Global inducing point variational posteriors for Bayesian neural networks and deep Gaussian processes
This work addresses the challenge of capturing layer correlations in Bayesian deep learning models, offering a unified inference approach that improves performance for tasks like image classification.
The paper tackles the problem of modeling dependencies across layers in Bayesian neural networks and deep Gaussian processes by introducing a correlated approximate posterior using global inducing points, achieving state-of-the-art performance of 86.7% on CIFAR-10 without data augmentation or tempering.

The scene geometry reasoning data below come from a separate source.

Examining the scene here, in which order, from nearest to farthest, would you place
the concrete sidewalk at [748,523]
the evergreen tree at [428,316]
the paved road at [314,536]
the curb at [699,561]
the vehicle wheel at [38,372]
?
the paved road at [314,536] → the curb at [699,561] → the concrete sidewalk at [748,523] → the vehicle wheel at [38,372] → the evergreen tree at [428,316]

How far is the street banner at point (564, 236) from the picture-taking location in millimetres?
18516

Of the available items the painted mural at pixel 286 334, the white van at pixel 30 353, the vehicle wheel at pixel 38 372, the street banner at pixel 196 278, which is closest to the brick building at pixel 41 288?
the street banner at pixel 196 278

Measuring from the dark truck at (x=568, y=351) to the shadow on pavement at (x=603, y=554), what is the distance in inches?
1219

We consider the optimal approximate posterior over the top-layer weights in a Bayesian neural network for regression, and show that it exhibits strong dependencies on the lower-layer weights. We adapt this result to develop a correlated approximate posterior over the weights at all layers in a Bayesian neural network. We extend this approach to deep Gaussian processes, unifying inference in the two model classes. Our approximate posterior uses learned "global" inducing points, which are defined only at the input layer and propagated through the network to obtain inducing inputs at subsequent layers. By contrast, standard, "local", inducing point methods from the deep Gaussian process literature optimise a separate set of inducing inputs at every layer, and thus do not model correlations across layers. Our method gives state-of-the-art performance for a variational Bayesian method, without data augmentation or tempering, on CIFAR-10 of 86.7%, which is comparable to SGMCMC without tempering but with data augmentation (88% in Wenzel et al. 2020).